A classic case of a cultural clash
Living in New Zealand for a year, my roommate took me aside one day and said: “If you don’t mind me saying, well, I was thinking about it for a long time and I must admit it now, but I get the feeling that, frankly, you are really rude.” Having come to regard myself by this time as perfectly cordial and polite, I could only respond with a perplexed stare, eyebrow cocked skeptically but for the first time self-conscious as to whether it was, maybe, too cocked? So, relaxing my brow slowly as not to frighten her with any sudden movements, I asked her to tell me what had made her reach that conclusion after thinking for such a very long time. She frowned, sighed, and gave me the list that I will hereby shorten for obvious reasons, but dictate as faithfully as memory allows:
“You are constantly complaining about all kinds of things: we drive on the ‘wrong’ side, we don’t have heaters in our homes, we don’t like wearing shoes in public, and our buses are never on time. And never do you use the phrase ‘may I please’ when requesting something of me. I have to admit, I find you rude.”
There were so many ahems and wells, you-knows and kindas in between that I zoned out and was almost halfway into my mental happy place when her expectant stare brought me back to planet earth. I am not super enthusiastic about tiring filler words since they slow down the process of being criticized.
I found it quite baffling though. How on earth could she consider my nice, friendly grumbling (which in my humble opinion was merely me pointing out cultural observations) as “rude” thus questioning my entire upbringing? Yes, she doesn’t wear shoes when going to the supermarket. Yes, it is odd to me, but it’s an island, nobody cares, and the land of bare-footers has its own definition of freedom. Freedom of toes.
When I arrived here in this other country of freedom, I started to notice similar clashes and cultural oddities when it comes to politeness and straightforwardness. Perhaps it is due to a saying in Southern Germany that roughly translates to “not nagging is praise enough” (“Nicht gemotzt ist genug gelobt.”). I prefer keeping it short and sweet, like a shot of espresso, because time is precious.
Care for an example?
When going out, my American friends order their food like this: “May I have the steak?” My mind always goes spinning in confusion because in comparison to my bold, sovereign, autonomous, and resolute “I’ll have the steak”, my friends’ way of asking seems almost timid and apologetic.
“My boots – Made in Germany – are not made for tip-toeing.”
It makes me wonder if my brave resoluteness does come off as rude everywhere else except in my home country. When we order steak, we say what we want. I’ll take the steak! My boots – Made in Germany – are not made for tip-toeing.
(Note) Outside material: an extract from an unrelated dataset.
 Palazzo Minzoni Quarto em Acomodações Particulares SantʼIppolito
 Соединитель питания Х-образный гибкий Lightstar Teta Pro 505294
On the other hand… I might verbally come off as rude, but at least I’ve got some decent manners. Nowadays, I get asked to hang out with an American at noon. NOON! People would ask me to go hiking when the sun is at its zenith. I can hear my grandma’s voice whispering into my ears: What kind of mind-boggling lunatic wants to hang out at lunch time without the intention of stuffing his tummy with bratwurst and potato salad? Surely, there won’t be a small corner-shop in the woods so I’d have to hold on until 3 pm. I will have starved by then and suffered horrible sensation of hunger, being forced to devour hazelnuts and squirrels. What the…! Either we will meet at 11:30 or 1:30, but the number 12 cannot under any circumstances be in a proposed date, ever. The German Mittagsruhe (quiet time around noon) seems to be a holy time that is untouchable and should be erased from any planner unless you are solely meeting for tummy-stuffing. So that’s another kind of rudeness, though involuntary. People just don’t know better. But we are all trying to be nice to each other, in our own odd ways.
There’s still so much to learn, to observe and to become aware of. But first I have to let my noisy neighbor know how I feel about his rude Lärmbelästigung (noise annoyance) during my lunch time. And there will be no pleases, thankyous, and certainly no you-knows.